TimeoutStopSec reverts to 15s.
deploy/files/usr/local/libexec/left4me/left4me-overlay
With the helper already in PID 1's namespace, internal nsenter is redundant. Removed:
nsenter --mount=/proc/1/ns/mnt --prefix on the mount/umount argv.cmd_umount's eager-retry loop (no race left to ride out).- Lazy-umount (
umount -l) fallback (no fallback needed; eager succeeds first try). work_innercleanup retry (no kernel-finalisation residual after a successful eager umount).import time.
Kept: input validation, idempotency guards (os.path.ismount),
work_inner rmtree (the kernel-overlayfs orphan dir is unrelated to
the namespace issue and still needs cleaning up).
Verification
After deploy on the test box:
| Metric | Before fix | After fix |
|---|---|---|
Reset duration (l4d2ctl reset 3) |
~25 s | ~0.5 s |
holders= of dying namespace |
[helper_pid] for ~25 s |
[] immediately |
| Unit state after Stop | failed |
inactive |
| ExecStopPost exit code | 32 (EBUSY) | 0 |
UI flow (/servers/3 → Start → Reset): job #164 reset succeeded
in 1.3 s end-to-end.
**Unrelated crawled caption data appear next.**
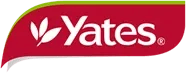 Yates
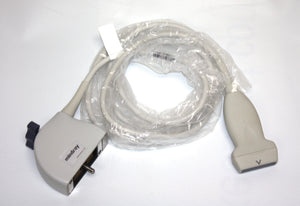 
                  
                    75L38EB Linear Array Probe for Mindray DP Series
                  
                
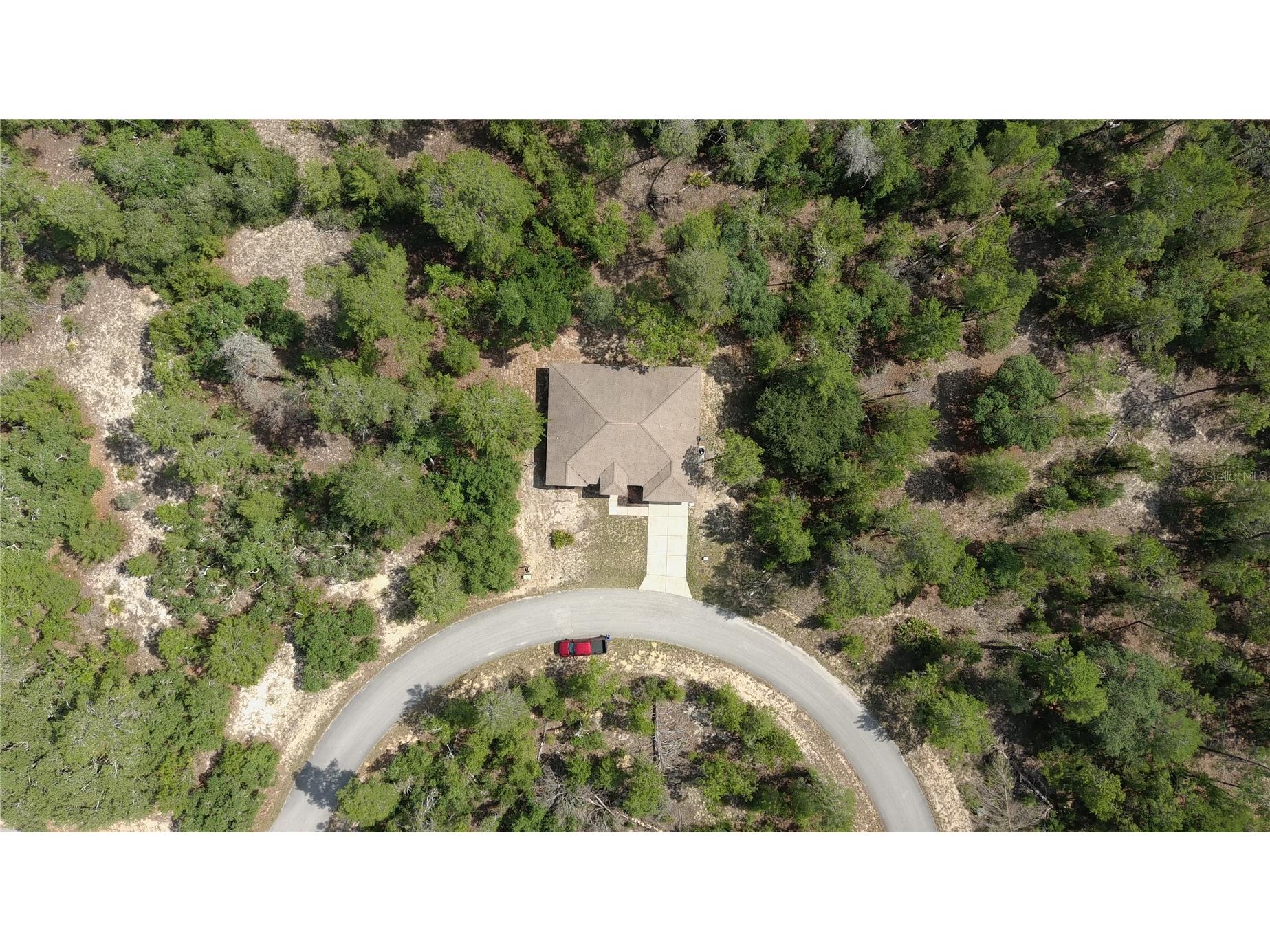 43 Matricaria Court Homosassa FL 34446 W7886201 image45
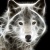 wolfglassl
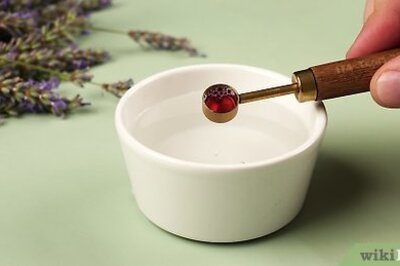 How to Clean a Necklace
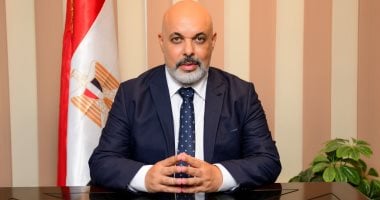كيف تحمى رقابة الحكومة على الأسواق مدخرات المواطنين من الذهب؟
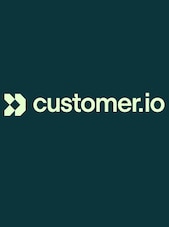 Customer.io Essentials 12 luni Customer.io Link de activare GLOBAL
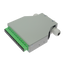 FIBERBOX-DIN-12-SC-APC.png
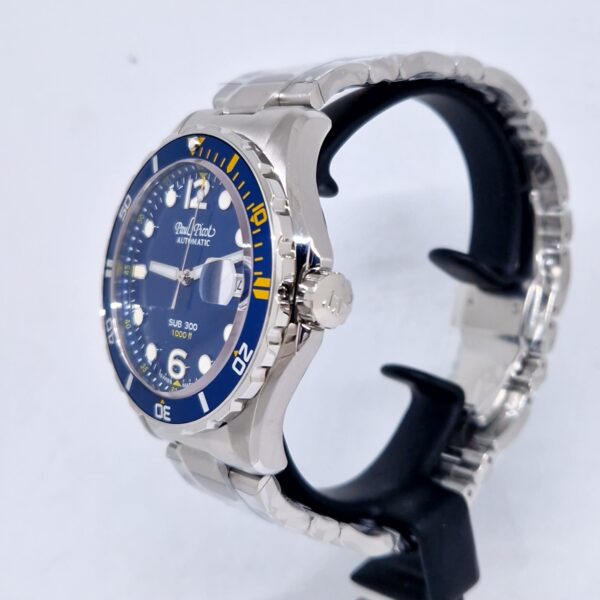 20240619_223406 Paul Picot Sub 300 P9753.SG.SB.2401.4000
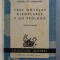 TRES NOVELAS EJEMPLARES Y UN PROLOGO de MIGUEL DE UNAMUNO , 1964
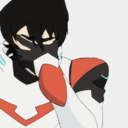 lonerkeith avatar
No failed rows on subsequent resets.
Lessons
- A retry loop is a hint, not a fix. If you find yourself reaching for "retry until kernel finishes," check whether your own process is what's blocking the kernel from finishing. nsenter at the syscall level looks right, but only escapes the namespace for the child process; the parent still pins it.
- Probe for the holder, don't assume async.
/proc/*/ns/mntplus a tight polling loop quickly tells you who's actually holding a namespace alive. We jumped to "task_work_add reaping" as the explanation and burned a round of workarounds before checking. +prefix only escapes sandbox & credentials. Mount namespace inheritance is unaffected; if you need PID 1's namespace, donsenteryourself at the Exec line.